Yu Mingkun, Jin Xuejing, Liang Changhao, Bu Fanlong, Pan Deng, He Qian, Ming Yang, Little Paul, Du Hongbo, Liang Shibing, Hu Ruixue, Li Chengze, Hu Yanhong Jessika, Cao Huijuan, Liu Jianping, Fei Yutong
Centre for Evidence-Based Chinese Medicine, Beijing University of Chinese Medicine, Beijing, China.
School of Public Health, University of Alberta, Edmonton, AB, Canada.
Therap Adv Gastroenterol. 2020 Oct 23;13:1756284820961299. doi: 10.1177/1756284820961299. eCollection 2020.
Diarrhea is a ubiquitous digestive system disease, leading to loss of fluid and electrolytes, and may be life-threatening, especially in children and adults who are immunosuppressed or malnourished. Berberine has a broad-spectrum antibiotic activity and is very widely used to treat diarrhea in China. No systematic review has been carried out to evaluate the evidence presented in clinical trials. The aim of this study was to assess the effectiveness and safety of berberine in diarrhea treatment among children and adults.
Seven databases and two clinical trial registries were searched on 1 September 2019. Randomized controlled trials were included, where participants were diagnosed (first diagnosed) as having diarrhea according to clear diagnostic criteria. Berberine alone or in combination with Western medication as intervention were included. Subgroup analyses were conducted based on children or adults, acute or persistent diarrhea, infectious or noninfectious and treatment courses. Primary outcomes were clinical cure rate and duration of diarrhea. The GRADE tool was used to assess the quality of evidence.
A total of 38 randomized controlled trials were included involving 3948 participants (including 27 trials on 2702 children) were included. Compared with antibiotics, berberine plus antibiotics showed better results in both adults and in children in general, especially when given for 7 days or 3 days in acute infectious diarrhea of children. Compared with the control groups, using berberine alone or in combination with montmorillonite, probiotics, and vitamin B increased the clinical cure rate of diarrhea. The use of berberine alone or berberine combined with montmorillonite reduced the duration of hospitalization. Using berberine had significantly better laboratory indicators (isoenzyme, inflammatory factors, myocardial enzyme, and fecal trait) and fewer systemic symptoms than the no berberine groups. Overall, 22 of 27 trials on children used berberine as an enema. No deaths and serious adverse events were reported. The quality of evidence of included trials was moderate to low or very low. The impact of different dosages, frequencies and treatment durations on the outcomes was not evaluated due to insufficient number of trials.

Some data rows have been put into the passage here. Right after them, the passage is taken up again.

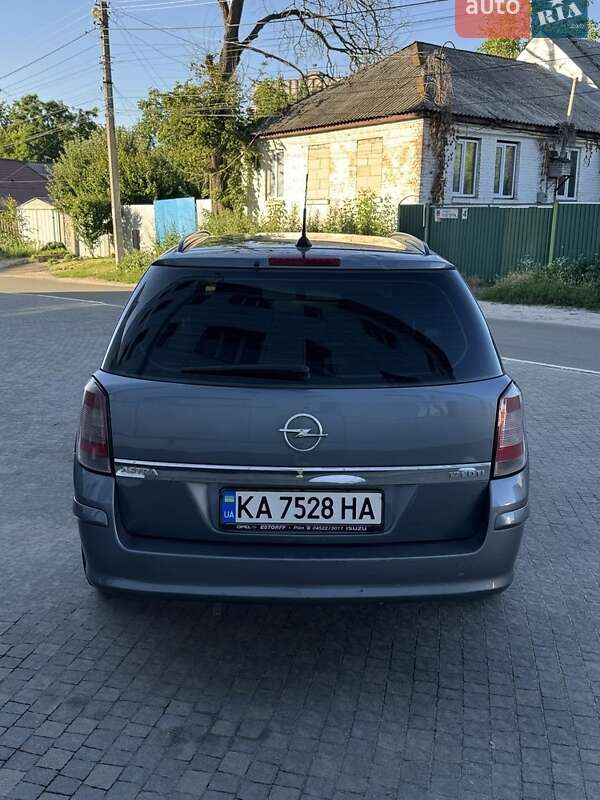 Универсал Opel Astra 2007 в Василькове
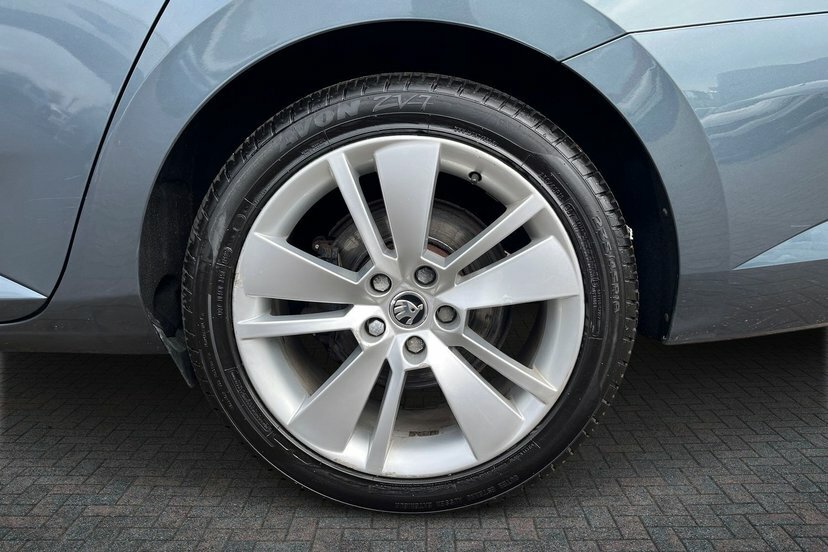 Skoda Superb 2.0 Tdi Se L Executive Estate Dsg 190 Grey #5
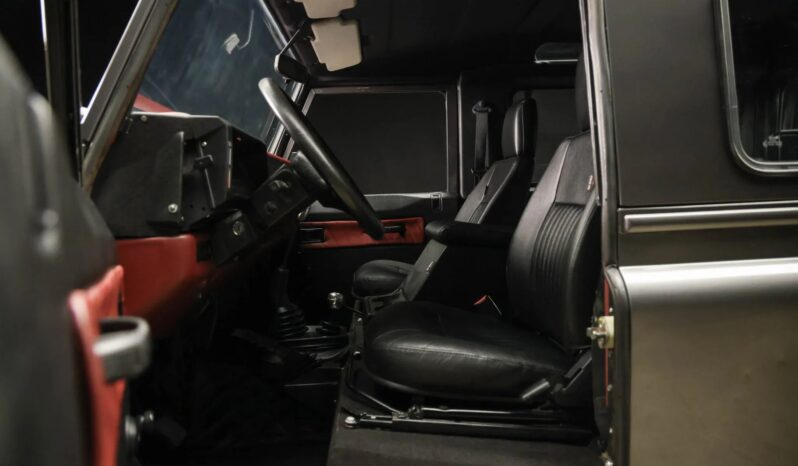 								1993 Land Rover Defender 90 200Tdi 5-Speed full									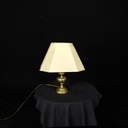 Tischlampe mit eckigem Schirm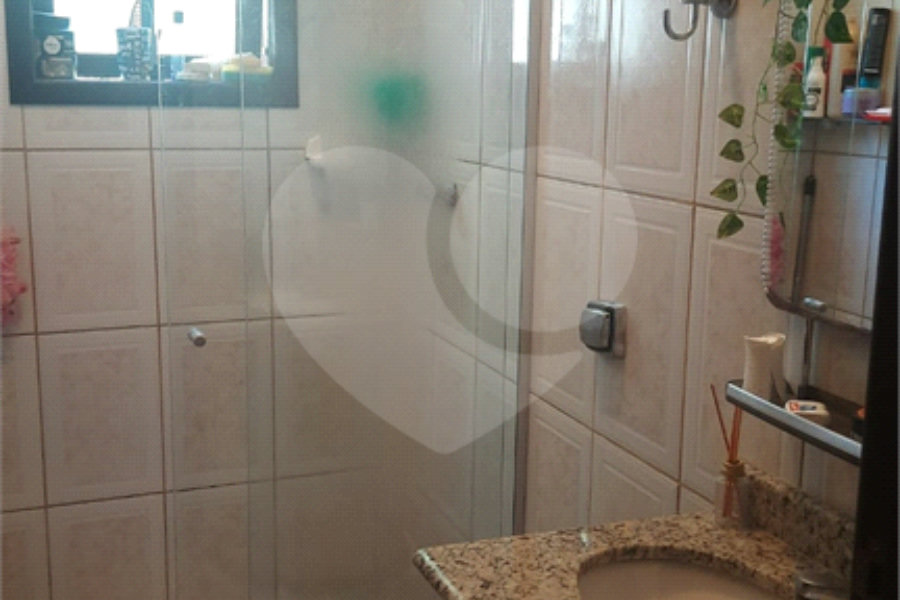 Sobrado à venda com 3 quartos, sendo 1 suíte, em Tremembé, São Paulo, SP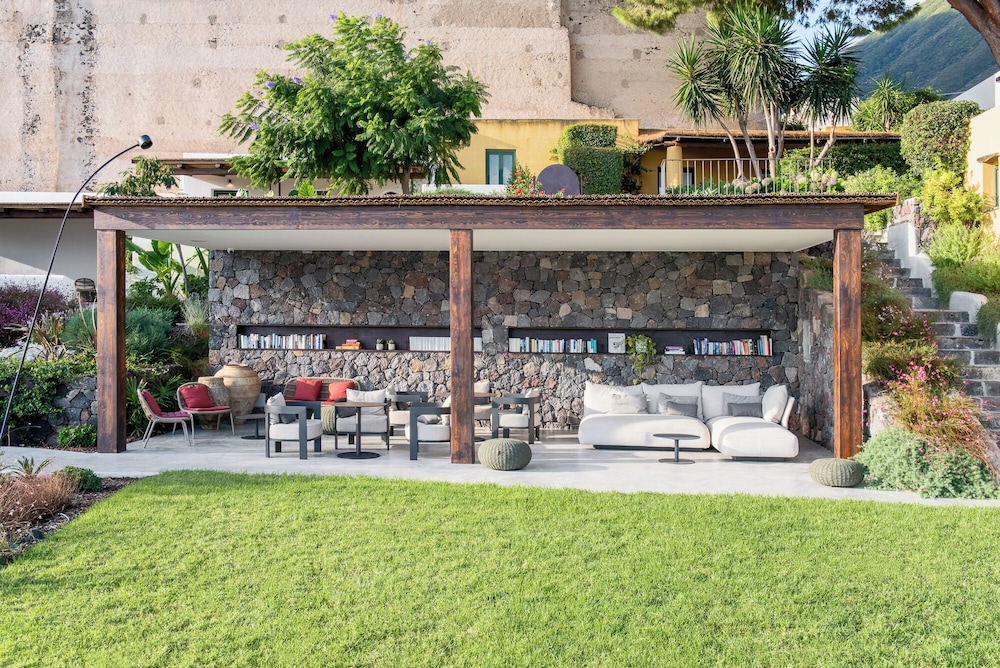 Hotel Ravesi 64/73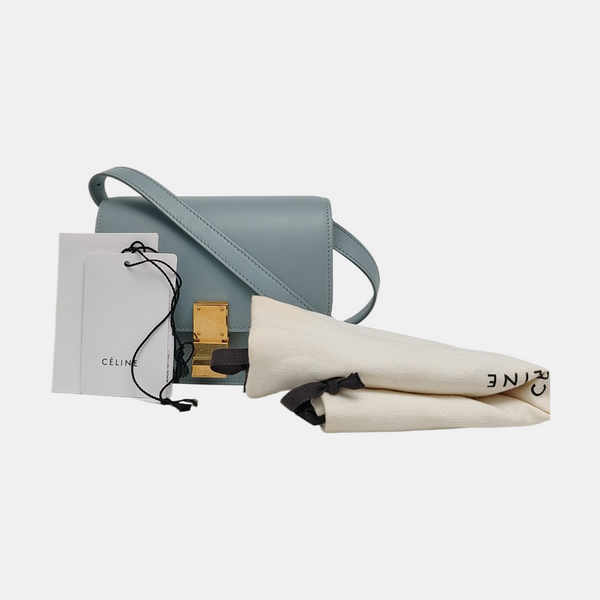 Authenticated pre-owned  Classic Box Calfskin Blue - Shoulder Bag at Looply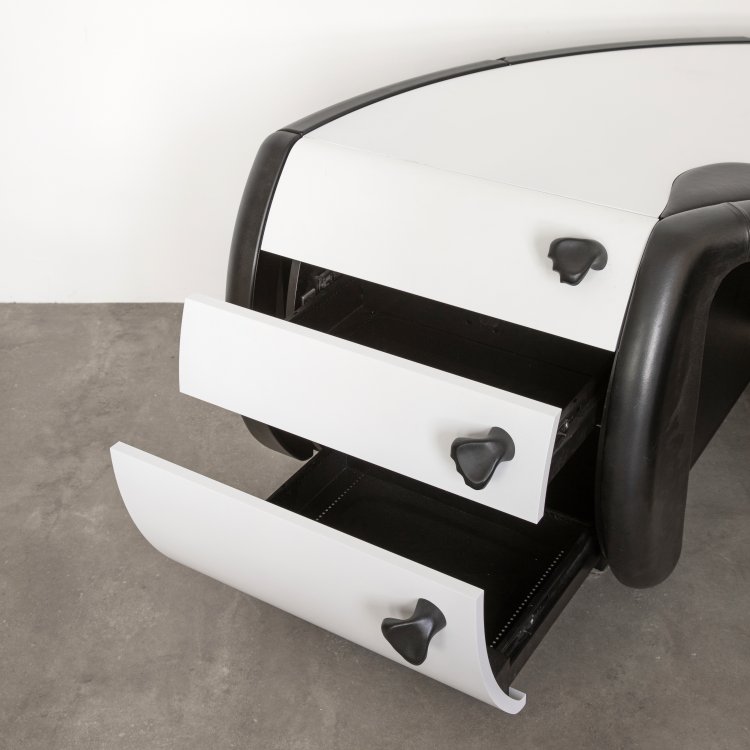 Bild 3 zu Objekt, Limitierter Schreibtisch Modell Futuro + B&uuml;rostuhl Modell Formel-e, Luigi Colani, Arreda Design, K-15 624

This review demonstrated that berberine was generally effective in improving clinical cure rates and shortening the duration of diarrhea compared with control groups. No severe adverse event was reported. However, there is still a lack of high-quality evidence for evaluating the efficacy and safety of berberine.
PROSPERO CRD42020151001 (available from http://www.crd.york.ac.uk/PROSPERO/).
腹泻是一种普遍存在的消化系统疾病,可导致体液和电解质流失,甚至可能危及生命,尤其是在免疫抑制或营养不良的儿童和成人中。黄连素具有广谱抗菌活性,在中国被广泛用于治疗腹泻。目前尚未进行系统评价以评估临床试验中提供的证据。本研究的目的是评估黄连素在儿童和成人腹泻治疗中的有效性和安全性。
于2019年9月1日检索了7个数据库和2个临床试验注册库。纳入随机对照试验,其中参与者根据明确的诊断标准被诊断(首次诊断)为患有腹泻。纳入单独使用黄连素或与西药联合作为干预措施的试验。根据儿童或成人、急性或持续性腹泻、感染性或非感染性以及疗程进行亚组分析。主要结局为临床治愈率和腹泻持续时间。采用GRADE工具评估证据质量。
共纳入38项随机对照试验,涉及3948名参与者(包括27项针对2702名儿童的试验)。与抗生素相比,黄连素联合抗生素在成人和儿童中总体显示出更好的效果,尤其是在儿童急性感染性腹泻中给予7天或3天时。与对照组相比,单独使用黄连素或与蒙脱石、益生菌和维生素B联合使用可提高腹泻的临床治愈率。单独使用黄连素或黄连素与蒙脱石联合使用可缩短住院时间。与未使用黄连素的组相比,使用黄连素具有明显更好的实验室指标(同工酶、炎症因子、心肌酶和粪便性状)和更少的全身症状。总体而言,27项儿童试验中有22项使用黄连素灌肠。未报告死亡和严重不良事件。纳入试验的证据质量为中、低或极低。由于试验数量不足,未评估不同剂量、频率和治疗持续时间对结局的影响。
本综述表明,与对照组相比,黄连素在提高临床治愈率和缩短腹泻持续时间方面总体有效。未报告严重不良事件。然而,评估黄连素疗效和安全性仍缺乏高质量证据。